Joshua Lubin, Pitt ECE Masters Student, Selected for 5th Annual Innomotics Peter Hammond Scholarship

Joshua Lubin, a master’s student in the Department of Electrical and Computer Engineering at the University of Pittsburgh Swanson School of Engineering, has been selected to receive this year’s Innomotics Peter Hammond Scholarship for $10,000.

The scholarship, which is in its fifth year, benefits graduate students in Pitt’s Department of Electrical and Computer Engineering by alleviating financial barriers for promising engineers while also harnessing their potential. It is named for Peter Hammond, the now-retired inventor of the Perfect Harmony drive and esteemed engineer at Siemens. Hammond’s Perfect Harmony drive is a high-power, medium voltage, multilevel, motor drive that controls the speed of large motors and has been revolutionary in decreasing the carbon footprint of industrial equipment.

"We are incredibly excited about this scholarship and the opportunity it will provide for a graduate student studying electric power engineering at the Swanson School of Engineering," said Kevin Wissner, Director of Research & Development at Innomotics based in New Kensington, Pennsylvania. "Our dedication to fostering local talent and future engineering pioneers is at the heart of this scholarship fund.
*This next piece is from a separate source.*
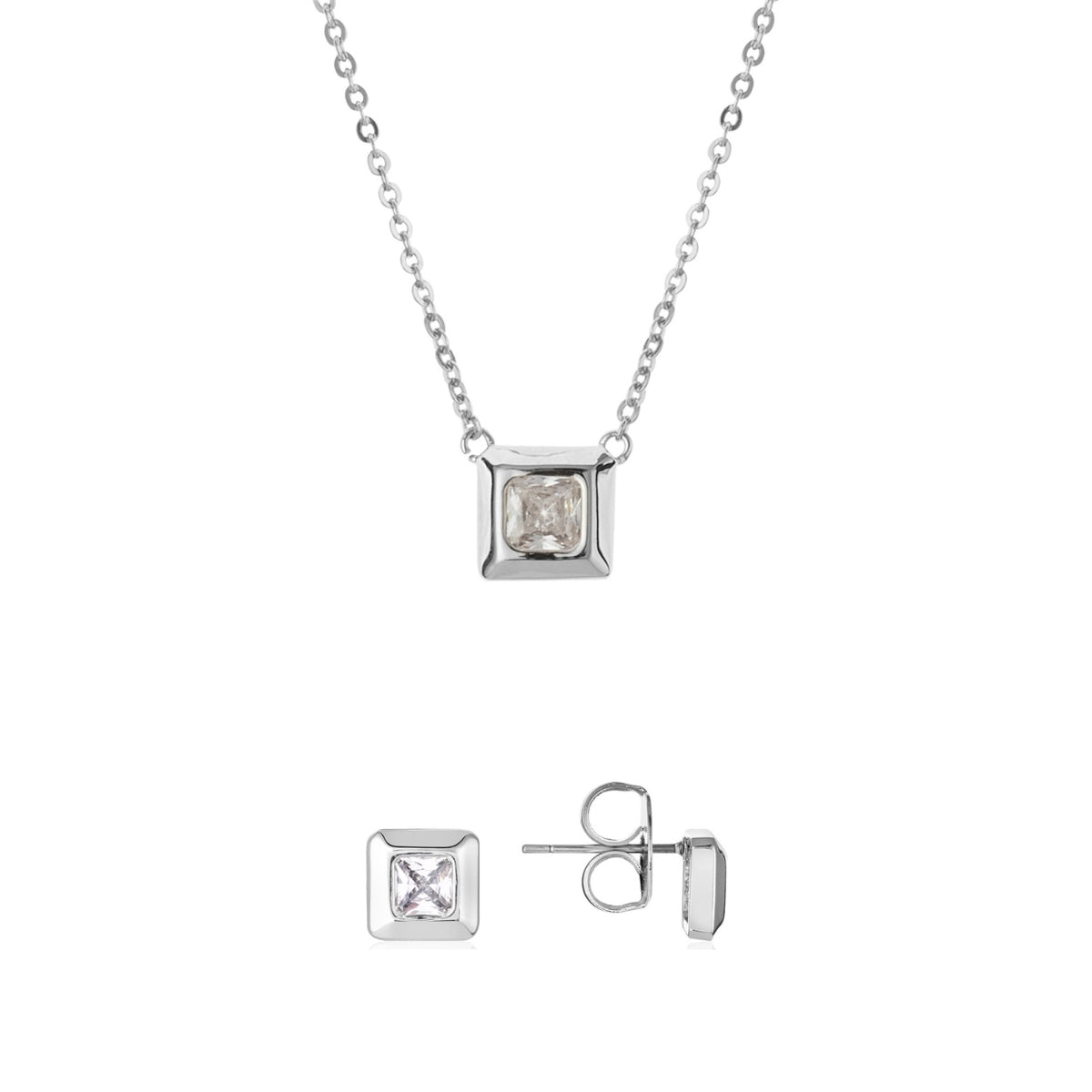 Silver Square Sparkle Gift Set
The initiative is one of many ways we strive to contribute to the development of the engineering field and support the cultivation of young, innovative minds.”

Several supply chain issues make it difficult to obtain rare earth metals needed for permanent magnet machines. Lubin’s research focuses on how non-rare earth metals, a more abundant resource, can be used in permanent magnet machines and the research effort is sponsored by the Department of Energy.

One issue currently of interest to the electric machine community is predicting when permanent magnet demagnetization will occur.  Former Peter Hammond Scholar Ryan Brody has been evaluating this problem as part of his PhD work. Lubin, rather than looking at just the electric motor, is extending this work by studying demagnetization effects when the motor drive goes under different types of short circuit conditions. If the magnets reach a demagnetization state, the system is classified as a motor drive failure. Motor failure forces the manufacturer to undergo a long and costly process of remagnetizing the magnets. 

“What Josh is doing now is reflective of what Innomotics is looking for in future engineers as part of their business units,” says Brandon Grainger, associate director of the Energy GRID Institute, Eaton Faculty Fellow, and associate professor of electrical and computer engineering at the Swanson School. “His research in permanent magnet based motor drives is making an impact in the electric power industry space including renewable energy and electric vehicle markets. A university who develops strong company collaborations like this will find it instrumental in implementing novel ideas to benefit people in society, and helps bring confidence that projects will be almost 100 percent successful. Technology-to-market strategies are critical for any investment being made in new technology directions.”

Lubin completed his undergraduate degree in electrical and computer engineering in 2023 at the Swanson School. By taking so many undergraduate courses before graduating, Lubin was able to complete three graduate level courses that transferred to fall 2023 when he began his MS.

“I am very proud to receive this scholarship,” Lubin said. “It will further drive my current research and inspire me to produce results that can push the field of electrical engineering in a positive direction.”